A margine: avvocato La Russa, PRESIDENTE DEL SENATO, non ha niente da dire in merito a questo caso. Siamo all’ Italia, disse la frutta.
Da sottoscrivere, in toto.
Gentile Professore, Caro Paolo,
Confesso tutta la mia confusione. Una minis-tra sì fatta (e rifatta) imbarazza la sinistra? E questo perché esponenti della sinistra, molti o pochi che siano, si dissetano al tavolo dei “suoi” locali (sono piuttosto dei suoi creditori)? Le prime a doversi vergognare sono la destra e la minis-tra stessa, per la sfrontatezza con la quale propala le sue idee mefitiche, per le sue imbarazzanti frequentazioni, per la rapacità con la quale gestisce le aziende, per come tratta il personale dipendente, per la spudoratamente menzognera comunicazione resa in Senato.
Mi sono sempre chiesto perché l’opinione pubblica è stata sempre così conciliante con i prepotenti certificati e meno con le rane gonfie di sè a voler sembrare buoi. Con i maglioncini di cachemire di Bertinotti, le sue seratone sulle terrazze romane accompagnato da nobili destrorsi decaduti e meno, o per nulla, con le mezze tacche con guance impomatate e narici infiammate.
La categoria dello scroccone rispetta l’equa distribuzione tra le genti, come l’intelligenza, la malvagità; non è in via di estinzione. La compravendita delle influenze, del consenso, della benevolenza per un piatto di malloreddos è costume antico che qualifica entrambe le parti del negozio e -stabilendo il peso relativo della responsabilità- colora di ridicolo i protagonisti e le comparse.
Un affettuoso augurio di buon fine settimana
Caro Professore, mi spiace dissentire, ma rivendico il diritto all’edonismo anche a Sinistra. Le battaglie buone e giuste si possono fare anche se si va dal sarto o dal camiciaio.
Anzi, diffiderei da chi, per apparire uguale agli ultimi, si traveste e va in Parlamento con gli stivali di gomma.

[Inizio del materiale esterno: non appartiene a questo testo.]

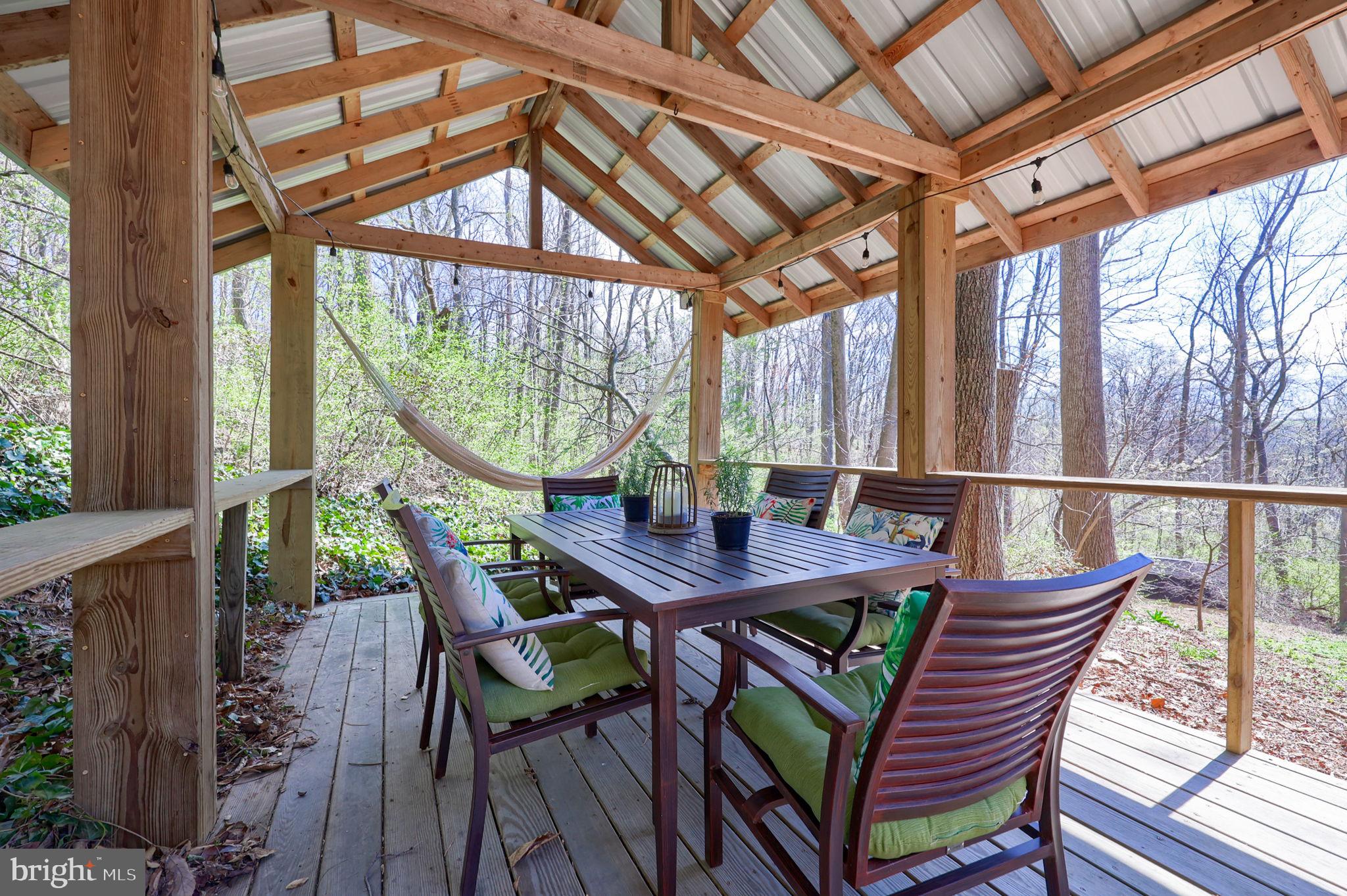 149 Douts Hill Road Holtwood, PA 17532 - Photo 44 of 77 a view of a patio with a table chairs and a backyard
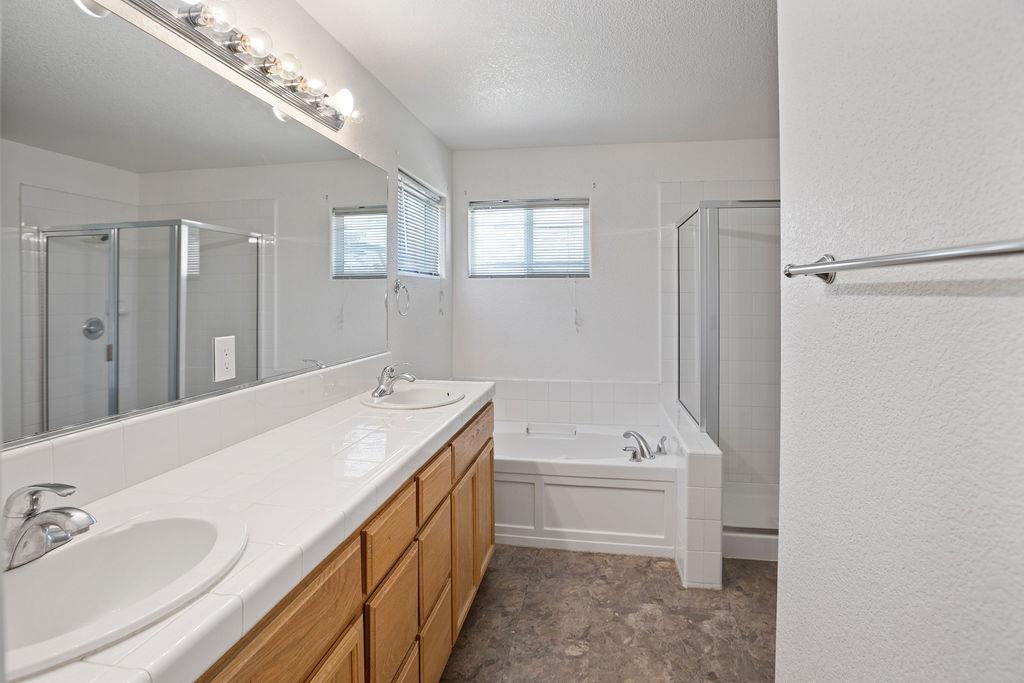 Bathroom with a long double vanity, wood cabinets, bathtub, and two glass-enclosed showers.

Riguardo alle accuse della Pitonessa ai frequentatori dei suoi locali: immagino fossero ospiti paganti e non tenuti a richiedere il Durc prima di sedersi al tavolo.
Già. Non è un caso che ci sia stata inflitta per anni questa classe dirigente. E la sinistra, molti a sinistra, non son meno beceri. Nessun ideale, se non il piacere e i soldi. La classe politica è livellata.